Sebuah pernikahan tidak sah bila tidak disaksikan oleh saksi yang memenuhi syarat. Maka sebuah pernikahan sirri yang tidak disaksikan jelas diharamkan dalam Islam. Dalilnya secara syar’i disebutkan oleh Khalifah Umar RA.

Dari Abi Zubair Al-Makki bahwa Umar bin Al-Khattab RA ditanya tentang menikah yang tidak disaksikan kecuali oleh seorang laki-laki dan seorang wanita. Maka beliau berkata :

Ini adalah nikah sirr, aku tidak membolehkannya.
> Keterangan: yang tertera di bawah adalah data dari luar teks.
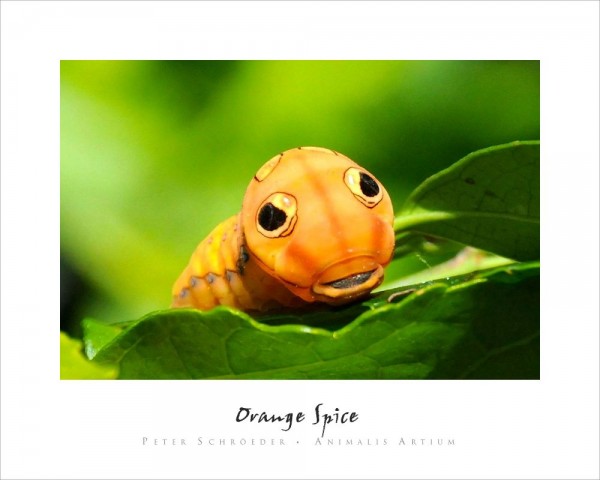 Orange Spice - Peter Schroeder - Animalis Artium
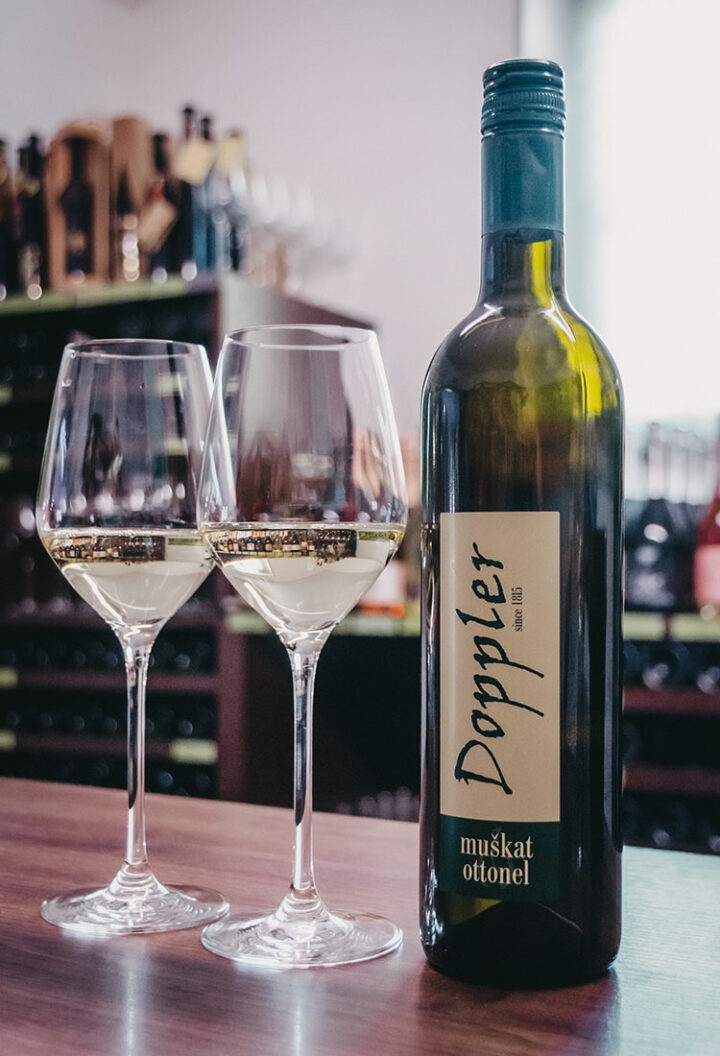 Haus der Alten Rebe, Maribor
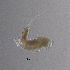  ( - BarCrust 295)  @11 [ ] CreativeCommons - Attribution Non-Commercial Share-Alike (2015) A. Hobæk Norwegian Institute for Water Research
Bila kamu menggaulinya pasti aku rajam. (Riwayat Malik dalam Al-Muwqaththo')

1. Syarat Saksi
Mirip dengan syarat sebagai wali, untuk bisa dijadikan sebagai saksi, maka seseorang harus memiliki kriteria antara lain :
* 'Adalah (Adil), ini adalah syarat yang mutlaq dalam sebuah persaksian pernikahan. Sebab dalilnya menyebutkan bahwa saksi itu harus adil sebagaimana teks hadits. Yang dimaksud 'adalah (adil) adalah orang yang bebas dari dosa-dosa besar seperti zina, syirik, durhaka kepada orang tua, minum khamar dan sejenisnya. Selain itu seorang yang adil adalah orang yang menjauhi perbuatan dosa-dosa kecil secara ghalibnya. Termasuk orang yang makan riba (rentenir) dan yang sering bertransaksi dengan akad-akad ribawi, dianggap tidak adil dan tentunya tidak sah sebagai seorang saksi.
* Minimal Dua Orang, jumlah ini adalah jumlah minimal yang harus ada. Bila hanya ada satu orang, maka tidak mencukupi syarat kesaksian pernikahan yang sah. Sebab demikianlah teks hadits menyebutkan bahwa harus ada 2 (dua) orang saksi yang adil. Namun itu hanyalah syarat minimal. Sebaiknya yang menjadi saksi lebih banyak, sebab nilai 'adalah di masa sekarang ini sudah sangat kecil dan berkurang.
* Beragama Islam, kedua orang saksi itu haruslah beragama Islam, bila salah satunya kafir atau dua-duanya, maka akad itu tidak sah
* Berakal, maka seorang yang kurang waras atau idiot atau gila tidak sah bila menjadi saksi sebuah pernikahan
* Baligh, maka seorang anak kecil yang belum pernah bermimpi atau belum baligh, tidak sah bila menjadi saksi.
* Merdeka, maka seorang budak tidak sah bila mejadi saksi sebuah pernikahan.
* Laki-laki, maka kesaksian wanita dalam pernikahan tidak sah. Bahkan meski dengan dua wanita untuk penguat, khusus dalam persaksian pernikahan, kedudukan laki-laki dalam sebuah persaksian tidak bisa digantikan dengan dua wanita.

Abu Ubaid meriwayatkan dari Az-Zuhri berkata, "Telah menjadi sunnah Rasulullah SAW bahwa tidak diperkenankan persaksian wanita dalam masalah hudud, nikah dan talaq.

Namun mazhab Hanafiyah mengatakan bahwa bila jumlah wanita itu dua orang, maka bisa menggantikan posisi seorang laki-laki seperti yang disebutkan dalam Al-Quran:

...Jika tak ada dua orang lelaki, maka seorang lelaki dan dua orang perempuan dari saksi-saksi yang kamu ridhai, supaya jika seorang lupa maka yang seorang mengingatkannya.... (QS. Al-Baqarah : 282)

2. Saksi Yang Diminta Merahasiakan Akad Nikah
Dalam kasus tertentu, untuk menutupi rahasia sering kali sebuah pernikahan itu disaksikan oleh orang tertentu, namun kepada para saksi diminta untuk merahasiakan pernikahan itu.

Dalam masalah ini, para ulama mengatakan bahwa akad nikah itu hukumnya sah, namun dengan karahah (dibenci). Sebab tujuan utama dari adanya persaksian itu tidak lain adalah untuk mengumumkan. Maka meski akad itu sah namun tetap tidak dianjurkan. Demikianlah sikap Umar RA, As-Sya'bi, Nafi', dan 'Urwah.

Sedangkan dalam pandangan Imam Malik, pernikahan yang saksinya merahasiakan apa yang disaksikan itu harus dipisahkan dengan talak. Dan tidak dibenarkan untuk menyaksikan pernikahan bisa saksinya dilarang memberitahu pihak lain. Bila terlanjur menggaulinya, maka harus diserahkan maharnya. Namun kedua saksi itu tidak dihukum. Demikian riwayat Wahab sebagaimana tertera dalam Fiqhus Sunnah (2/169).